That's my thing is his age...

~Michael~


----------



## LarissaPhotography (Nov 5, 2009)

iflynetthing, PPA convention is in Nashville this year.


----------



## iflynething (Nov 5, 2009)

Thanks. Anything worth going to. I went to PPA website and didn't see anything about the "convention?'

~Michael~


----------



## photographyprogess (Nov 5, 2009)

Jean Baudrillard - true post-modernism
He's always been one of my favourite theorists in sociology, but when he quit sociology to become a full time photographer I also discovered him as the excellent photographer he was. As he said when he left the sociology: "The photography is the ultimate post-modernism."

My favourite portrait photographer would be the Norwegian photographer Morten Krogvold.


----------



## LarissaPhotography (Nov 5, 2009)

Michael,
Convention is called Imaging USA.  It's a pretty big deal.  Lots of names will be there.  I've heard a lot of good stuff about it.  This will be our first year attending.


----------



## BlackWolF (Nov 6, 2009)

David Ziser ... My favorite ... Definitely ... I like that he is not too stuck up to teach amateurs take better pictures without acting like he is the man ...


----------



## sarikjain (Nov 9, 2009)

Artificial Light Photography, Ansel Adams.

And just to be unorthodox: a commemorative collection (the name escapes me) of Norman Rockwell covers, from which I have learned a great deal about composition.
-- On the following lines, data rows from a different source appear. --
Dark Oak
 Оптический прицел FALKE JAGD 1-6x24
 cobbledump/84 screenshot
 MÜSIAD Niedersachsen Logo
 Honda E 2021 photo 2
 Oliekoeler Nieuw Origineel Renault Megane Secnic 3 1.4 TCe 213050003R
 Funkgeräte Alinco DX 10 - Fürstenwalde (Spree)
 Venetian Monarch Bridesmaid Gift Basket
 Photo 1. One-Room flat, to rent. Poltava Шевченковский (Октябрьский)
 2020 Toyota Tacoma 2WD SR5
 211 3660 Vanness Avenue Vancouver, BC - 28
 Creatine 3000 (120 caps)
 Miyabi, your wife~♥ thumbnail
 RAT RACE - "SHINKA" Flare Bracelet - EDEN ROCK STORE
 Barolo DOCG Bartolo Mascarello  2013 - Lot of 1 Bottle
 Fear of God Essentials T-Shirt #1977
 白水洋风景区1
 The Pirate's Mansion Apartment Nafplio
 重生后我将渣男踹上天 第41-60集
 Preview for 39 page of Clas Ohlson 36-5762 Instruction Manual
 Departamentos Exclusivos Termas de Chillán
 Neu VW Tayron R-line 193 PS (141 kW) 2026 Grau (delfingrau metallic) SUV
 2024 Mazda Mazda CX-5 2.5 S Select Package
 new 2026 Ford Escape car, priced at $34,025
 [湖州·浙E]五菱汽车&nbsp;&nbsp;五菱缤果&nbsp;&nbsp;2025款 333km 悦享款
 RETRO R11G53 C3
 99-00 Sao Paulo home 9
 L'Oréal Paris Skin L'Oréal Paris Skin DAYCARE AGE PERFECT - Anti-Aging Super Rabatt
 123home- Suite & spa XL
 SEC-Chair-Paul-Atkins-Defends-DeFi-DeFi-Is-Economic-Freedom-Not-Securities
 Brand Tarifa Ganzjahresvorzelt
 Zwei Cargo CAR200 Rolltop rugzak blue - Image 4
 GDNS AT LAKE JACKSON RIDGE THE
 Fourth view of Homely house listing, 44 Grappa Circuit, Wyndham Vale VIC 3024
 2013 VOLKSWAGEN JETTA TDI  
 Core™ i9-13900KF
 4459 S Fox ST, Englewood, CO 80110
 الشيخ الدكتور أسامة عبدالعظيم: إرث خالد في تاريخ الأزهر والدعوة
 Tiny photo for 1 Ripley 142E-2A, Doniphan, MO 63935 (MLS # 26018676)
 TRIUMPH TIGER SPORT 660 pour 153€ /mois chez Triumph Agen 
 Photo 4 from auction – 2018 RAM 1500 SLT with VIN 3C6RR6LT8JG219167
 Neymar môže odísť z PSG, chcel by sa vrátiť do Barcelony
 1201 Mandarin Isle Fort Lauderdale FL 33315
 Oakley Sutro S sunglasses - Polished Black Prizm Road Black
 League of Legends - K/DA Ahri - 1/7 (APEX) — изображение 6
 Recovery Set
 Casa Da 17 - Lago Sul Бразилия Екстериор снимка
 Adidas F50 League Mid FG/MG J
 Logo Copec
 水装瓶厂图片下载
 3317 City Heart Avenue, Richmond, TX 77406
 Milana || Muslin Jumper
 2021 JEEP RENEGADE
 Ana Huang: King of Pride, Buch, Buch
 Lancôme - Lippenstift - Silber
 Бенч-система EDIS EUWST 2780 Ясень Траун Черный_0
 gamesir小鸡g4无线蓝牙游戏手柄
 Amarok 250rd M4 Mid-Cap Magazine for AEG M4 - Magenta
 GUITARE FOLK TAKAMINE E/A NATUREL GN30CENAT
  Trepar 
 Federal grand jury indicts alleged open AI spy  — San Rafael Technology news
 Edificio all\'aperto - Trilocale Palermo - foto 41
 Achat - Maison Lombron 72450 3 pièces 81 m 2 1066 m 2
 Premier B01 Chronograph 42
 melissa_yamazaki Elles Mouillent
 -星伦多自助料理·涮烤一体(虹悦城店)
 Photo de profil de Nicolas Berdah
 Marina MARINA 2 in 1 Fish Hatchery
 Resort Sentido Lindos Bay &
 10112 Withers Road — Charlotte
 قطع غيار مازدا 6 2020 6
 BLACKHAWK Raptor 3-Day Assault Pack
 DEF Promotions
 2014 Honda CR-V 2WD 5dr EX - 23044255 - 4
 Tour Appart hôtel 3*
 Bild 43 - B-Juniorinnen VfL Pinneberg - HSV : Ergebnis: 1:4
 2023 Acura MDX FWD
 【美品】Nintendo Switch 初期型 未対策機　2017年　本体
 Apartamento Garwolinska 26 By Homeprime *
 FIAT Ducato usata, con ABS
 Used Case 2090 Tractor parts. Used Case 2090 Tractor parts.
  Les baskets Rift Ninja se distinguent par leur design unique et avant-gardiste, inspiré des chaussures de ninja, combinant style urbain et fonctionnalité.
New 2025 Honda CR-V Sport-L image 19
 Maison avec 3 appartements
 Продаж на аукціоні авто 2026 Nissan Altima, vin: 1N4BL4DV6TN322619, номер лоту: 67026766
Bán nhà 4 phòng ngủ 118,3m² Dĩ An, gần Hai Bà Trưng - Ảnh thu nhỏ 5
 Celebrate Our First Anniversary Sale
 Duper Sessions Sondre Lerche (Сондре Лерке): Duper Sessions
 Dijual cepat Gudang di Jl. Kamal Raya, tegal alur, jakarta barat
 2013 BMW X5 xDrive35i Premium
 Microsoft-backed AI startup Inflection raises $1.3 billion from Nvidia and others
After you've finished laughing, find some of those images online and spend some time looking at the way he has arranged the elements of the scene.  Study the colors.  Study the lighting.  Study it the way you'd study a photograph.  You might be surprised.


----------



## Fuller Photography (Nov 9, 2009)

Martin Grahame-Dunn changed my photographic life, amazing trainer... and for landscape can't beat a bit of Tom Mackie.


----------



## craig (Nov 9, 2009)

sarikjain said:


> Artificial Light Photography, Ansel Adams.
> 
> And just to be unorthodox: a commemorative collection (the name escapes me) of Norman Rockwell covers, from which I have learned a great deal about composition.
> 
> After you've finished laughing, find some of those images online and spend some time looking at the way he has arranged the elements of the scene.  Study the colors.  Study the lighting.  Study it the way you'd study a photograph.  You might be surprised.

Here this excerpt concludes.